## Task instructions
In the copy, every record below must appear exactly as given, and no picture may appear.

## Data shown
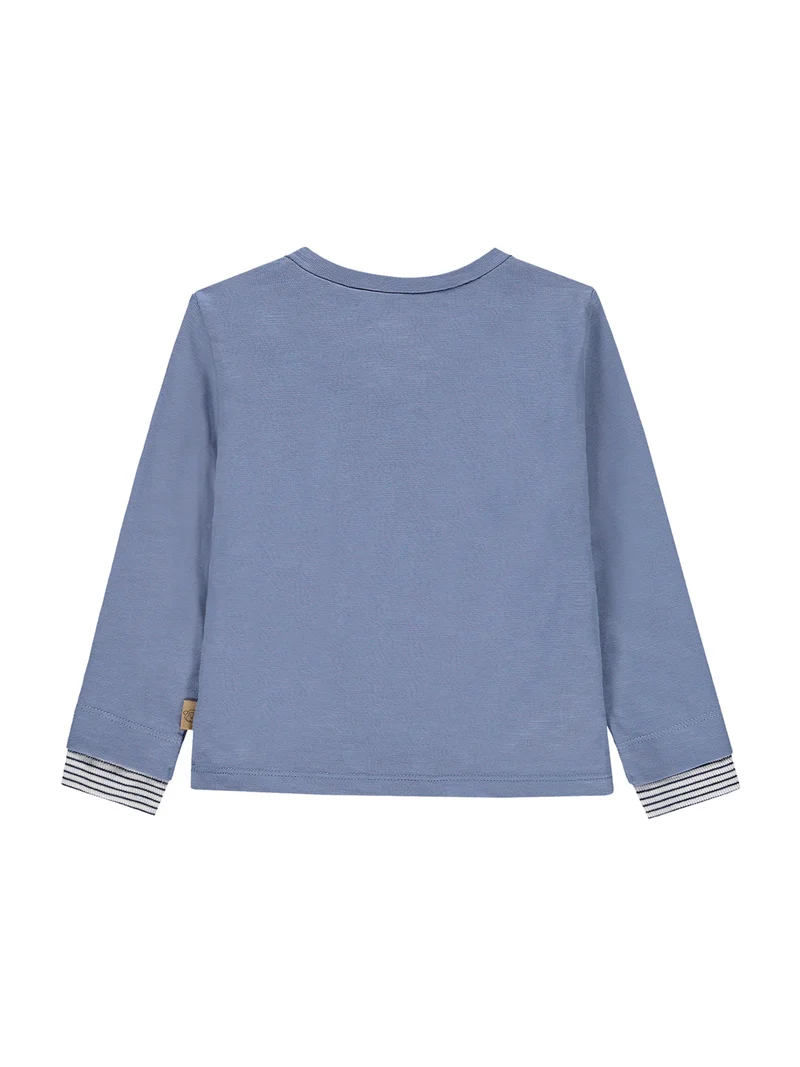 Longsleeve Blau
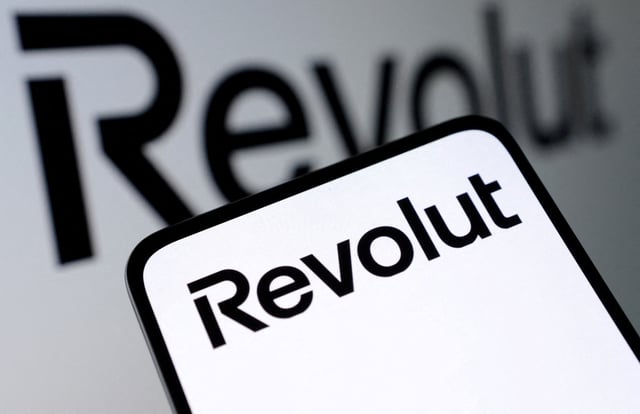 Revolut logo is seen in this illustration taken July 29, 2024. REUTERS/Dado Ruvic/Illustration/File Photo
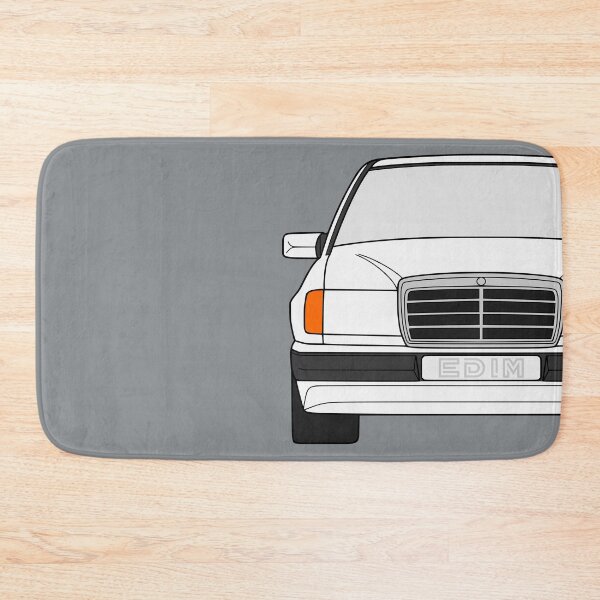 Item preview, Mercedes W124 white color designed and sold by EdimDesign.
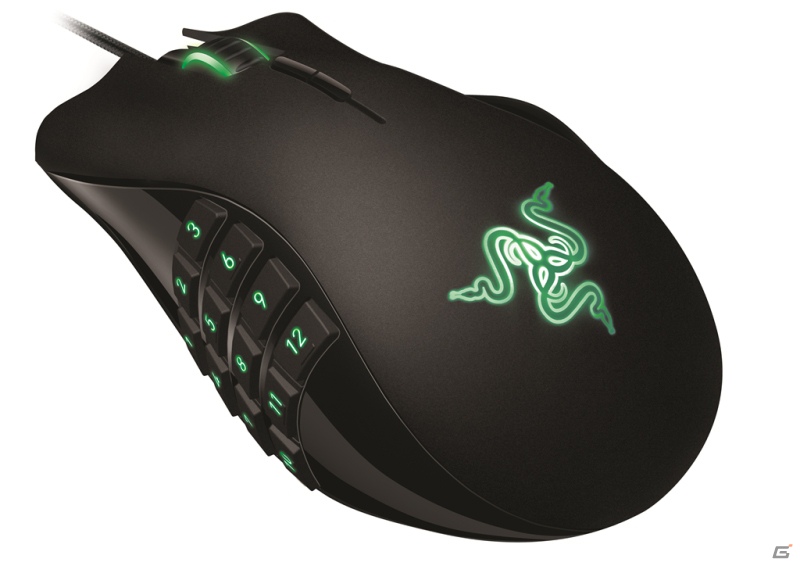 Razer、最新SYNAPSE 2.0パッチによりMMORPG用ゲーミングマウス「RAZER  NAGA」に3つの新機能を追加の画像2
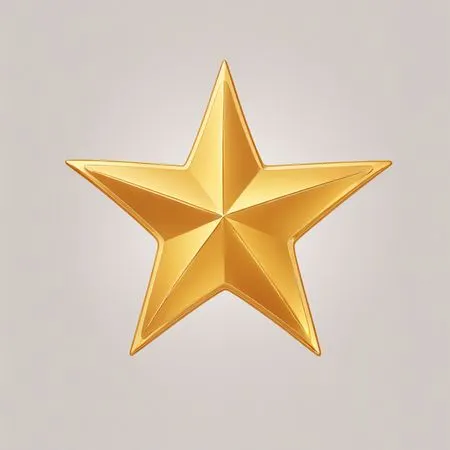 Free Étoile d'or  Image IA
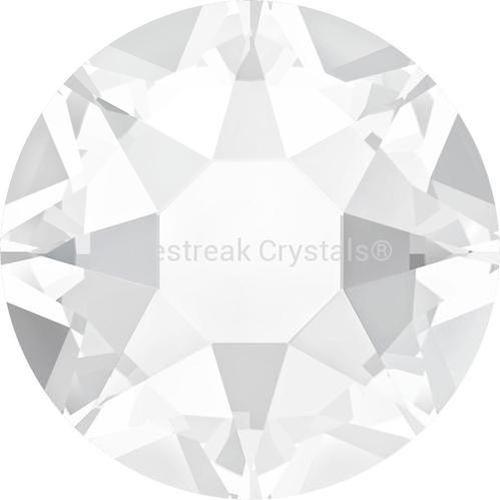 Serinity Hotfix Flat Back Crystals (2000, 2038 & 2078) Crystal Transparent-Serinity Hotfix Flatback Crystals-SS6 (2.0mm) - Pack of 50-Bluestreak Crystals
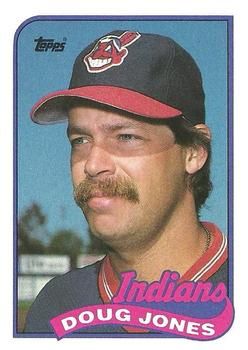 Doug Jones 1989 Topps #690 Sports Card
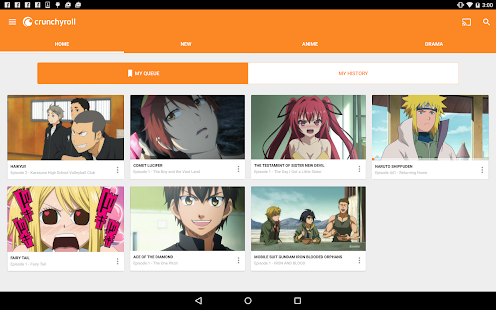   Crunchyroll - Anime and Drama- screenshot thumbnail   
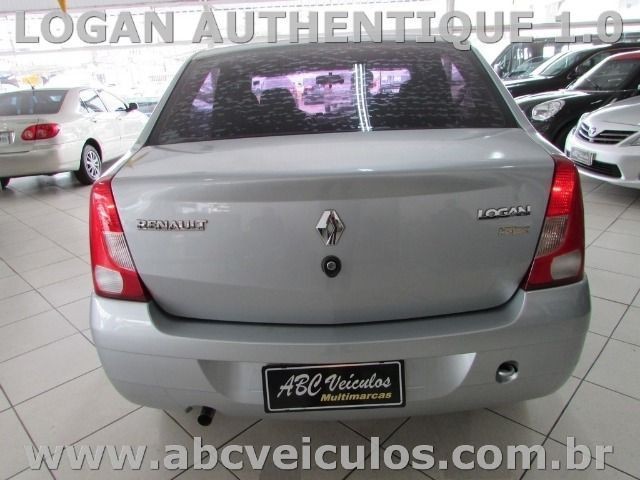 Logan Authentique 1.0 Flex - Ano 2008 - Bem Conservado - Foto 6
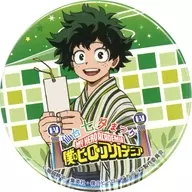 緑谷出久 「僕のヒーローアカデミア×東北祭り 仙台七夕描き下ろし トレーディング缶バッジ(等身)」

## Result for this exercise
 Longsleeve Blau
 Revolut logo is seen in this illustration taken July 29, 2024. REUTERS/Dado Ruvic/Illustration/File Photo
 Item preview, Mercedes W124 white color designed and sold by EdimDesign.
 Razer、最新SYNAPSE 2.0パッチによりMMORPG用ゲーミングマウス「RAZER  NAGA」に3つの新機能を追加の画像2
 Free Étoile d'or  Image IA
 Serinity Hotfix Flat Back Crystals (2000, 2038 & 2078) Crystal Transparent-Serinity Hotfix Flatback Crystals-SS6 (2.0mm) - Pack of 50-Bluestreak Crystals
 Doug Jones 1989 Topps #690 Sports Card
   Crunchyroll - Anime and Drama- screenshot thumbnail   
 Logan Authentique 1.0 Flex - Ano 2008 - Bem Conservado - Foto 6
 緑谷出久 「僕のヒーローアカデミア×東北祭り 仙台七夕描き下ろし トレーディング缶バッジ(等身)」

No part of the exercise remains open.